[WHAT YOU ARE ASKED TO DO]
Each line from the one holding "227 Angell Road, Lincoln, RI 02865" through the end of the records should be returned exactly, while pictures are skipped.

[RECORDS FOR PROCESSING]
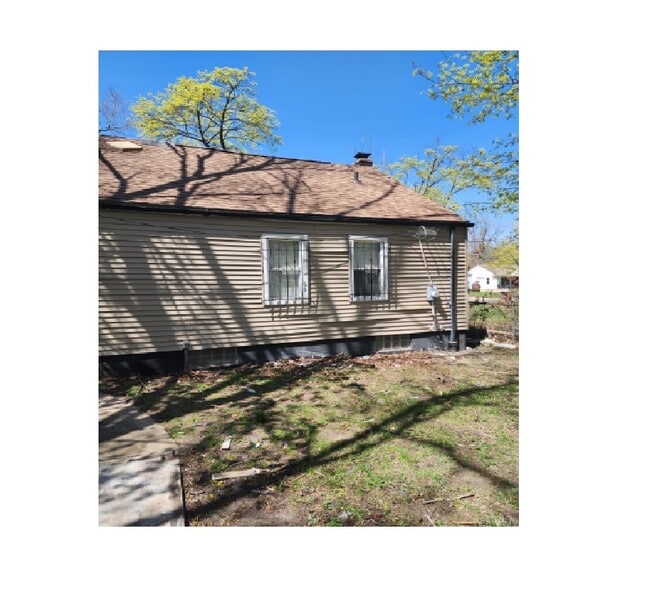 Photo - 19934 Rosemont Ave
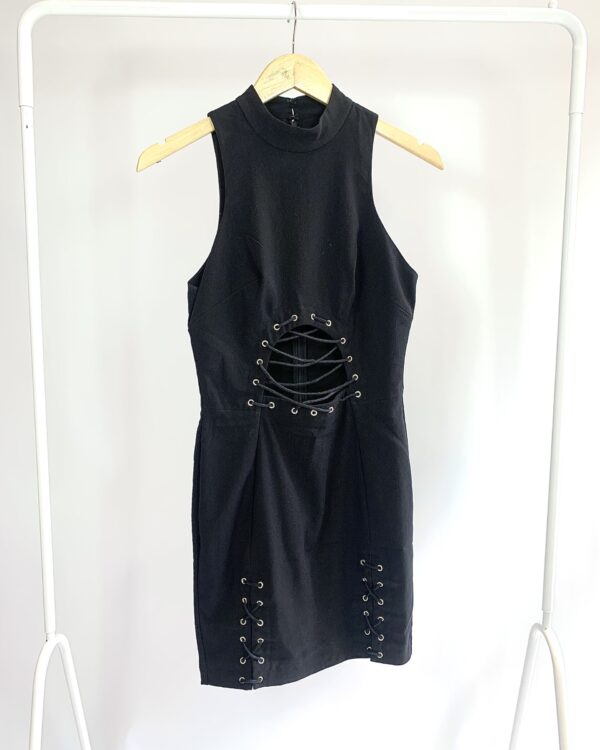 Vestido curto preto gola alta recorte cadarço frente FABULOUS AGILITÁ - 36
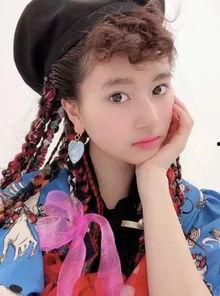 平面模特吃瓜,趣味瞬间引发网友热议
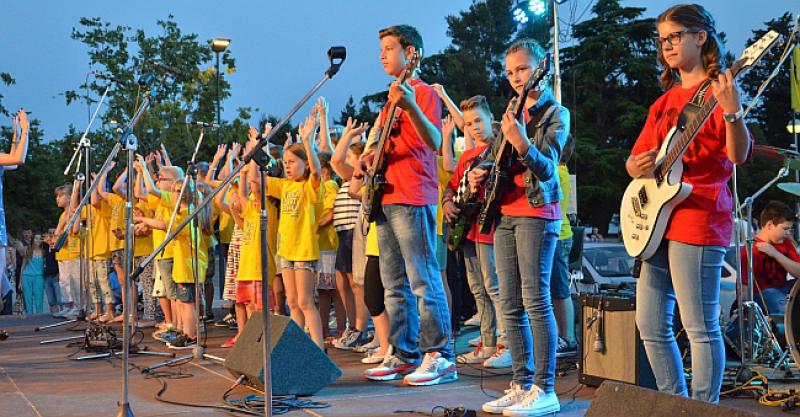 NEKI NOVI KLINCI Dođite na glazbeni festival u Crikvenicu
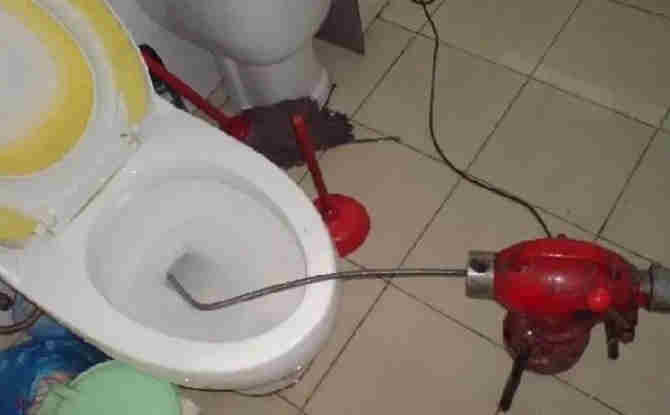 上高马桶通下水
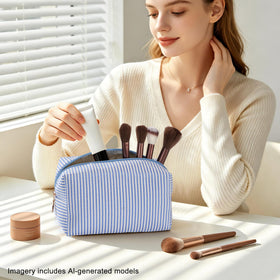 UUYUUY makeup bags packed inside a suitcase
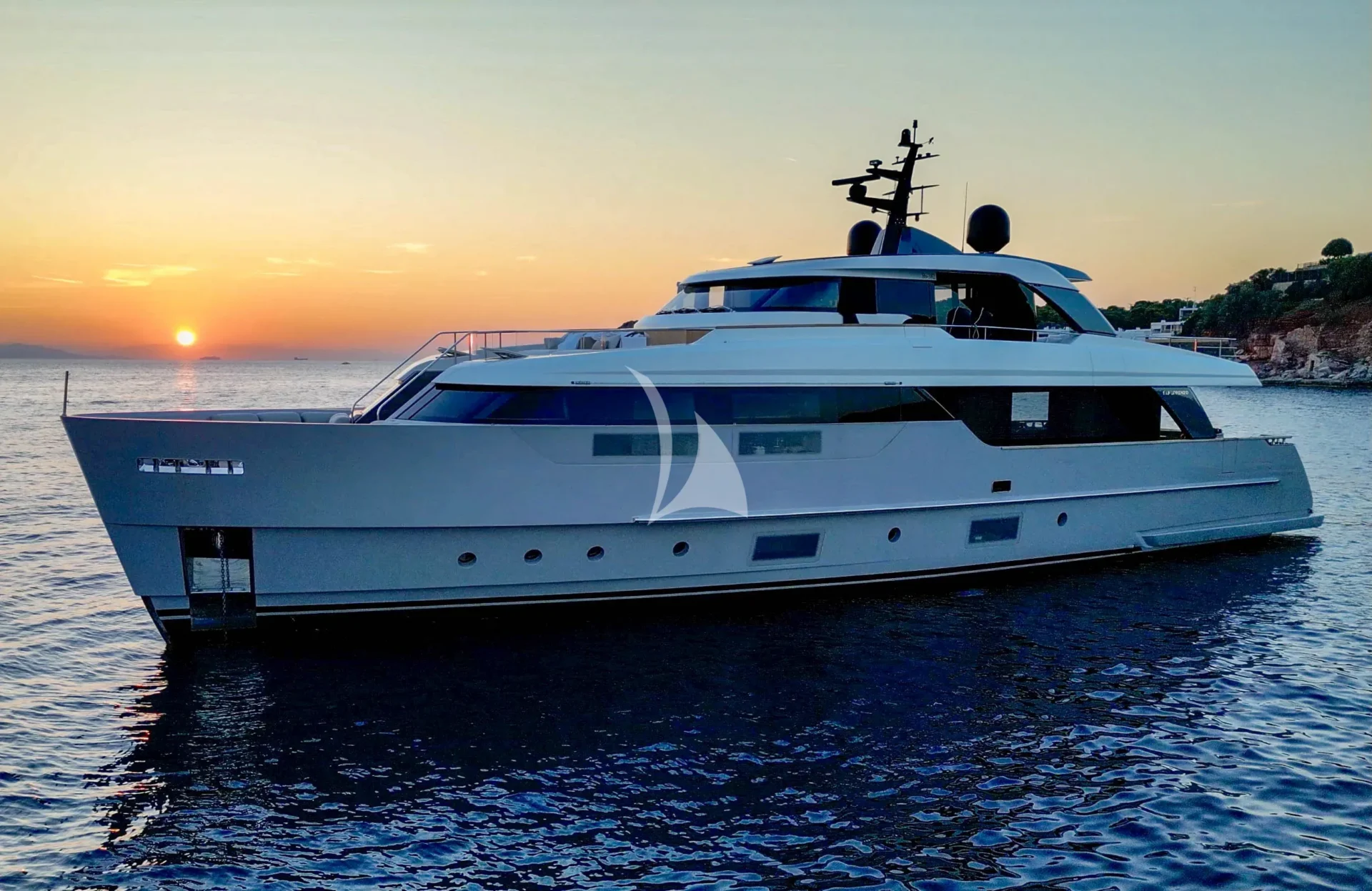 FLORI Charter Yacht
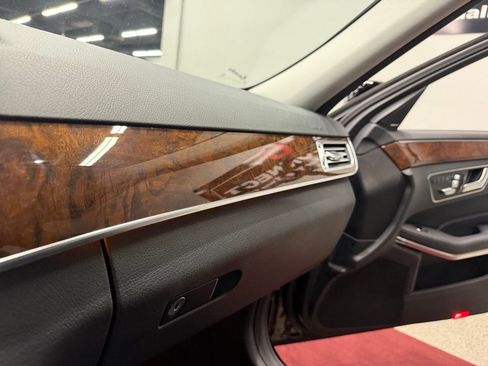 Used 2014 Mercedes-Benz E 350 4MATIC Sedan image 42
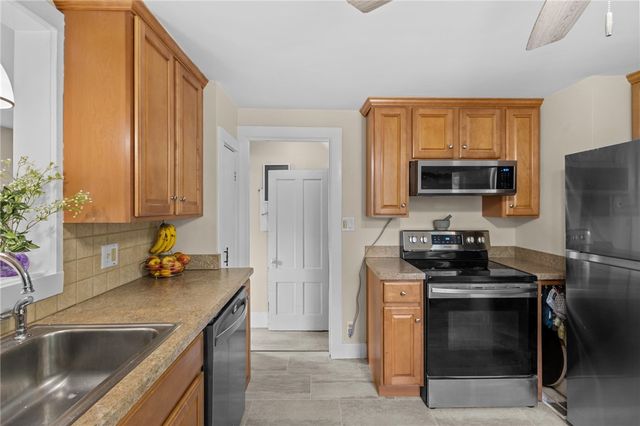 227 Angell Road, Lincoln, RI 02865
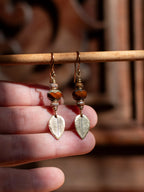 Boucles d’oreilles Folia – Perles en verre tchèque & feuilles de en laiton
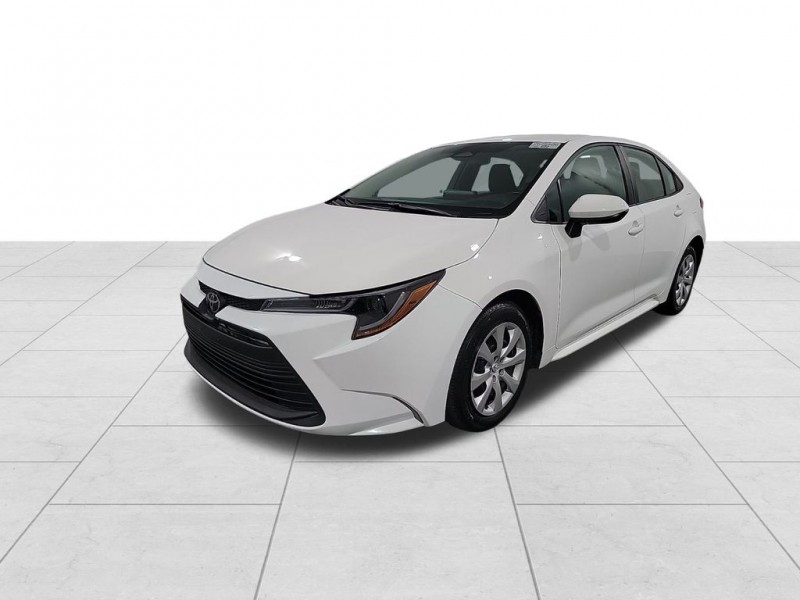 Used 2024 Toyota Corolla LE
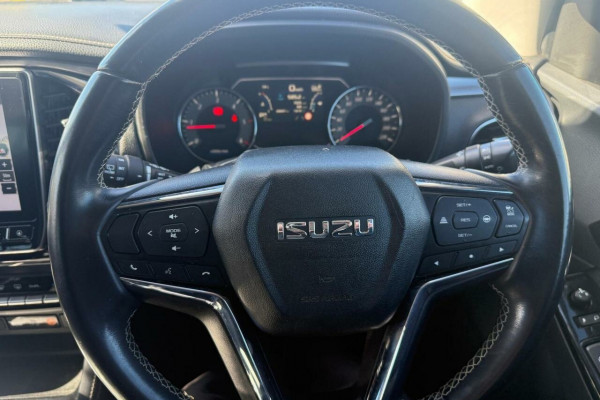 2021 Isuzu MU-X RJ LS-U SUV Image 18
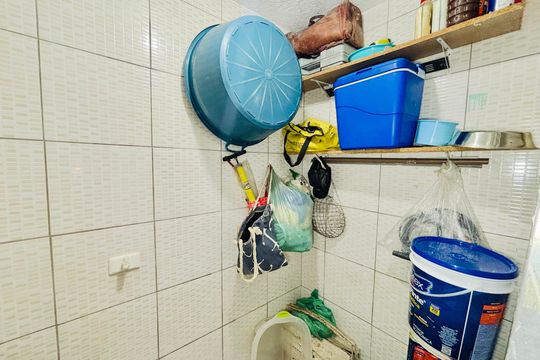 Área de serviço  de casa à venda com 4 quartos, 170m² em Vila Iolanda(lajeado), São Paulo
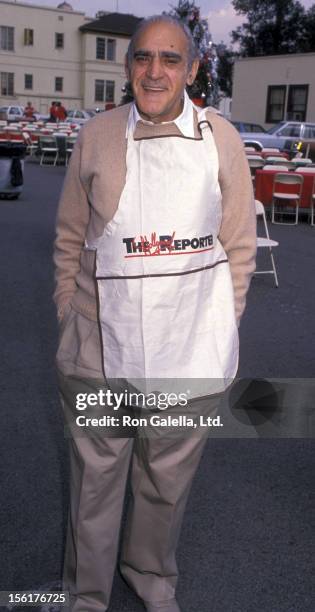 Actor Abe Vigoda attends The Hollywood Reporter 'Parking Lot Feeds Homeless' Benefit on December 28, 1989 in Los Angeles, California.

[TASK OUTPUT]
 227 Angell Road, Lincoln, RI 02865
 Boucles d’oreilles Folia – Perles en verre tchèque & feuilles de en laiton
 Used 2024 Toyota Corolla LE
 2021 Isuzu MU-X RJ LS-U SUV Image 18
 Área de serviço  de casa à venda com 4 quartos, 170m² em Vila Iolanda(lajeado), São Paulo
 Actor Abe Vigoda attends The Hollywood Reporter 'Parking Lot Feeds Homeless' Benefit on December 28, 1989 in Los Angeles, California.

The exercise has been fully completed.